▸ **TASK REQUIREMENTS**
The required result is an exact copy of every line from the one with "Enchanting White Camisole" through the last line below, with the pictures left out.

(DATASET EXTRACT)

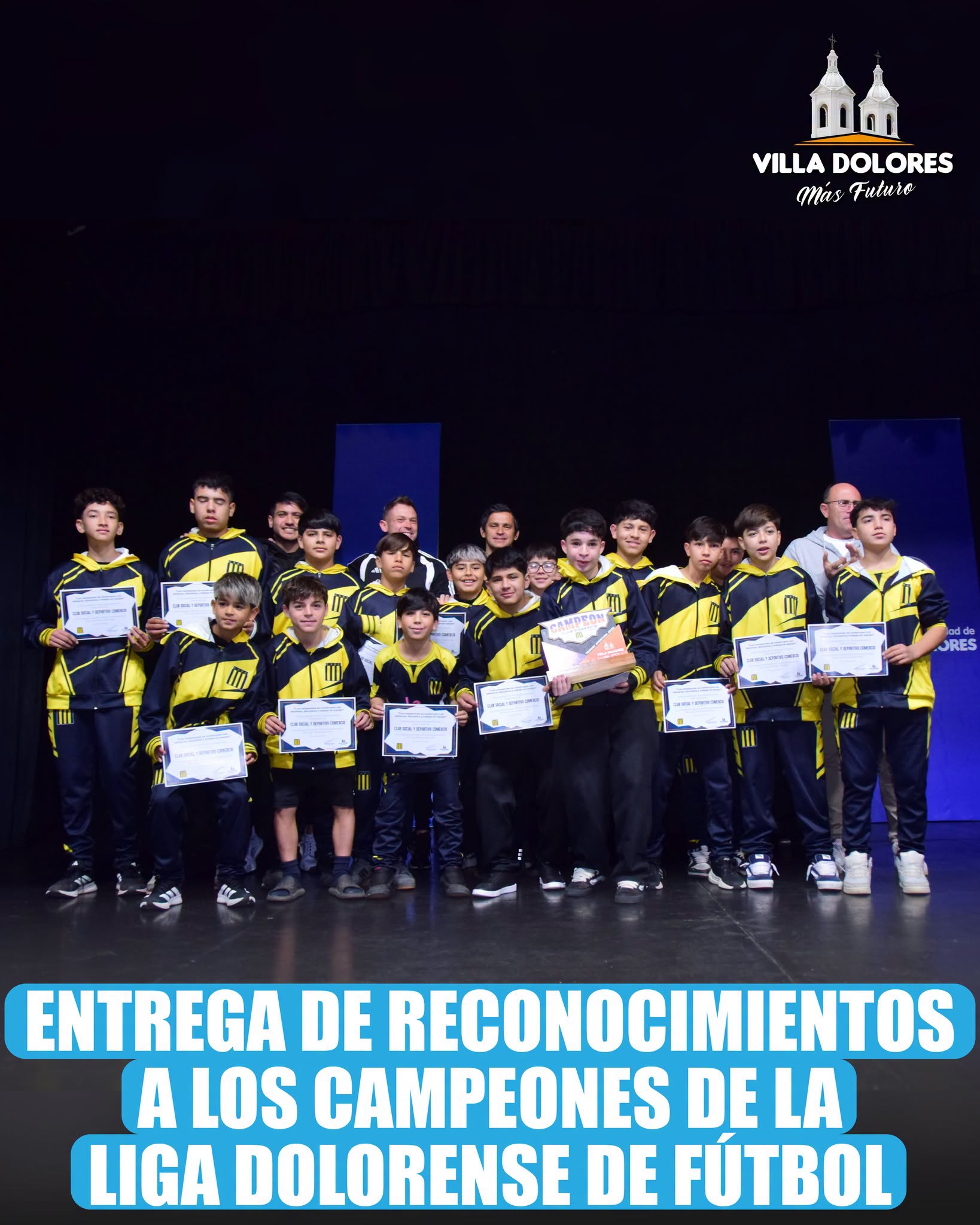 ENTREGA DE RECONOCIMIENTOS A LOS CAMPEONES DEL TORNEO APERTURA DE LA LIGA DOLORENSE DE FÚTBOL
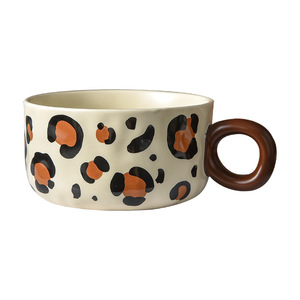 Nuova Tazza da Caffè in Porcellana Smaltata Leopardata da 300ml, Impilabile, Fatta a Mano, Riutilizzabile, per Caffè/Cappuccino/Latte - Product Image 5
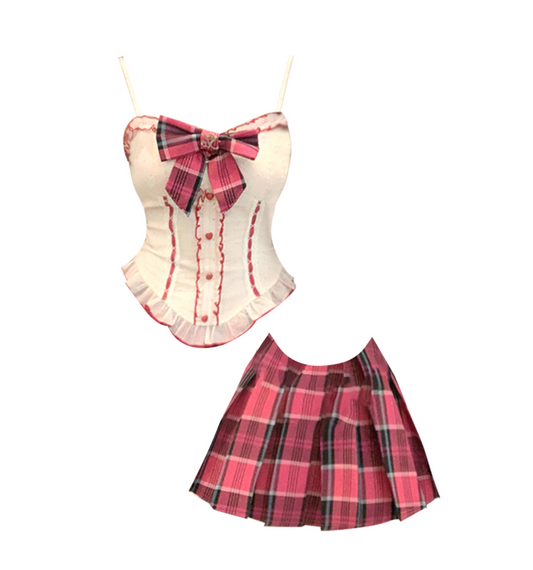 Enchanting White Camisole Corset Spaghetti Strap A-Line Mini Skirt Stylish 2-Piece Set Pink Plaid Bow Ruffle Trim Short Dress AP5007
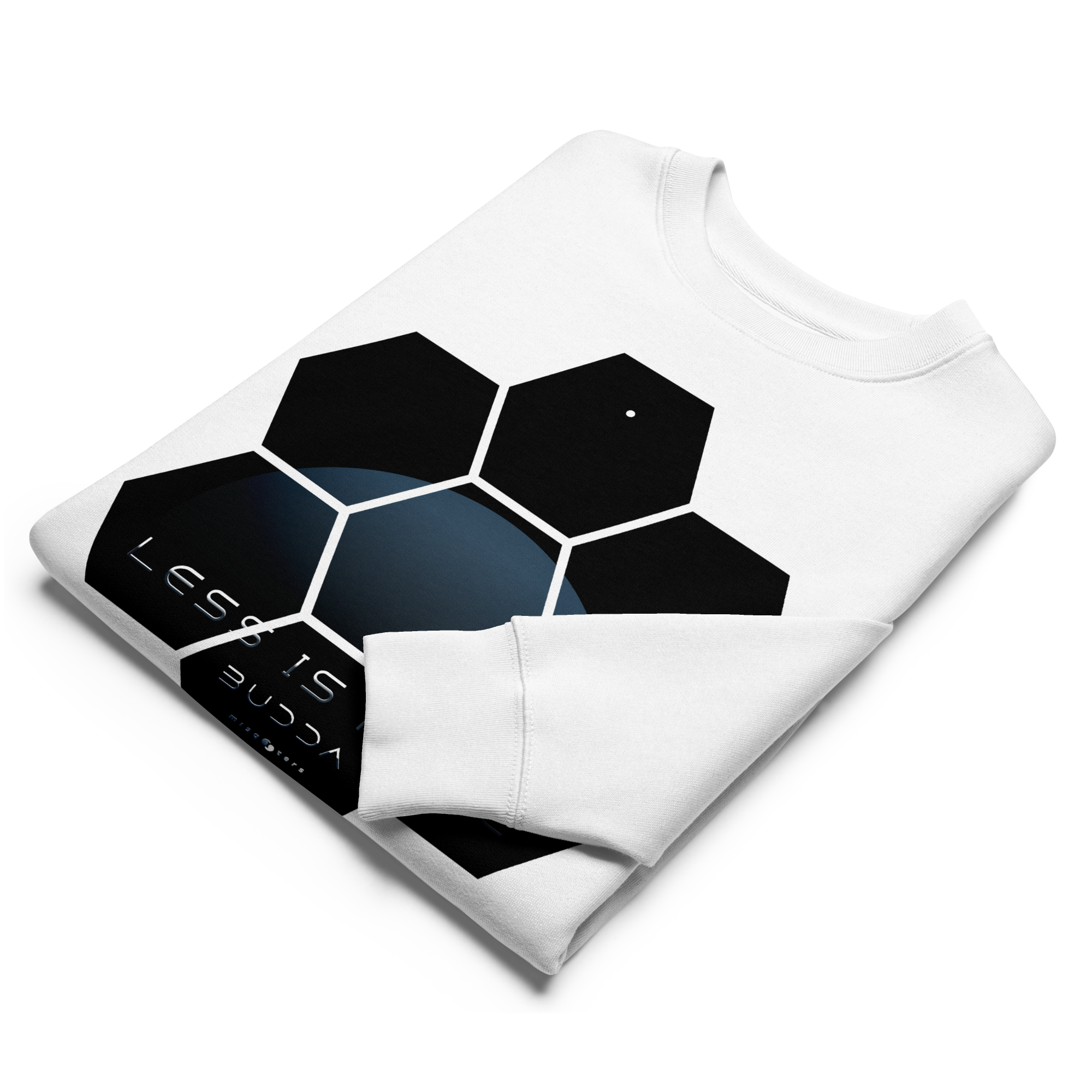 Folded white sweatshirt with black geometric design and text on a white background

(End DATASET EXTRACT)

▸ **SOLVED EXERCISE**
 Enchanting White Camisole Corset Spaghetti Strap A-Line Mini Skirt Stylish 2-Piece Set Pink Plaid Bow Ruffle Trim Short Dress AP5007
 Folded white sweatshirt with black geometric design and text on a white background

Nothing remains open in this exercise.